The Roaring 20s Book Club met yesterday. Our assignment was “The Sun Also Rises” by Ernest Hemingway.
We had selected it at the conclusion of our robust discussion on “The Great Gatsby.” I highly anticipated reading it because I had just completed “My Paris Wife.” WIFE is historical fiction of Hemingway’s stint in Paris from his first wife’s (Hadley Richardson) perspective. He is actually writing SUN during their French stint. The SUN characters are the group that the Hemingways hung out with. The character Jake is Hemingway. And Hadley is awkwardly missing from the story.
In WIFE, the reader gets a sense of Hadley’s emotional turmoil over the deliberate omission. She hates that her husband didn’t think her contribution to the group warranted a character. And yet, she believes SUN to be his best work to date.
Really, Hadley?
I found it a hard read. Not difficult. Hard defined as annoying. Hemingway was critically praised for SUN. To me, it reads like a book I would have written in my early 30s about my friends‘ drinking exploits. Those days, we thought we were the sh#t. And every encounter mixed with enough alcohol is dramatic. But here’s the wrinkle… it’s not memorable. Hemingway’s dialogue sounds like Facebook postings:
Cafe Iruna – check in Lady Brett, with Jake, Mike and Robert Cohn and three others.

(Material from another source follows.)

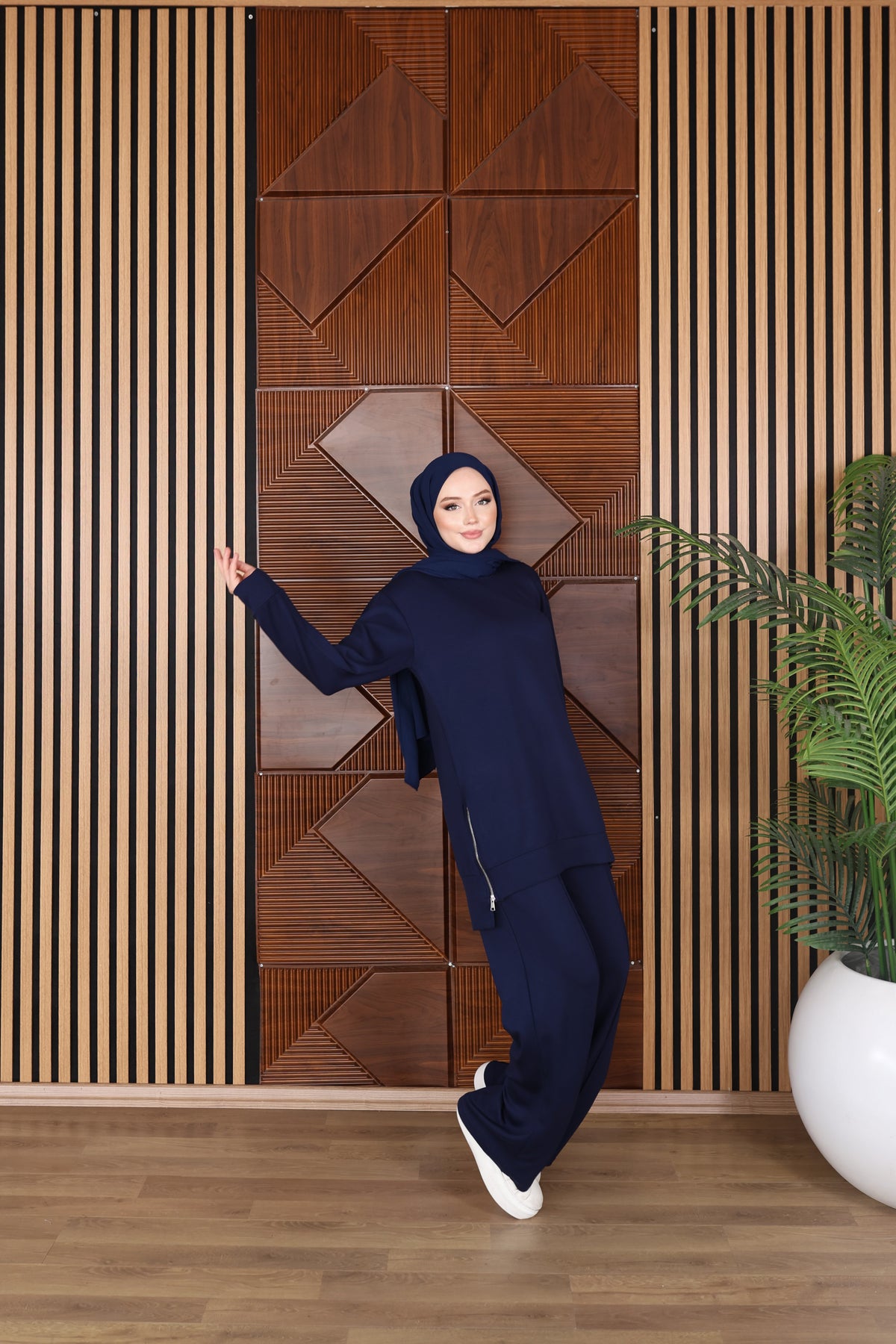 Lighted Oysho Set - By Farah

LADY BRETT: Hello, you chaps!
JAKE: Where the hell have you been?
ROBERT COHN: I brought them up here.
LADY BRETT: What rot! We’d gotten here earlier if you hadn’t come.

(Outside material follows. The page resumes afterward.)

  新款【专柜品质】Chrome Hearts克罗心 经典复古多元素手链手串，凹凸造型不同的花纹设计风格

JAKE: You’d never have gotten here.
LADY BRETT: What rot! You chaps are brown. Look at Bill.
**Liked by Robert Cohn and Mike
MIKE: Did you get good fishing? We wanted to join you.
JAKE: It wasn’t bad. We missed you.
**Liked by Lady Brett
ROBERT COHN: I wanted to come but I thought I ought to bring them.
LADY BRETT: You bring us. What rot.
**Liked by Jake, Mike and two others
Full disclosure: I didn’t finish the book. What rot! Despite being obsessively compulsive, if I don’t like a book or movie or TV show, I no longer feel the need to complete it. Wisdom gives me the freedom to choose what I want to invest in. Age reminds me my time is precious and limited.
The book club still had a lively discussion of the ‘lost generation,’ Hemingway, literary critics, drinking, sex with friends and the 1920s era. Sara and Katrina hosted a perfect afternoon cheese and wine discussion.
NEXT BOOK: Dorothy Parker’s “Big Blonde and other Stories.”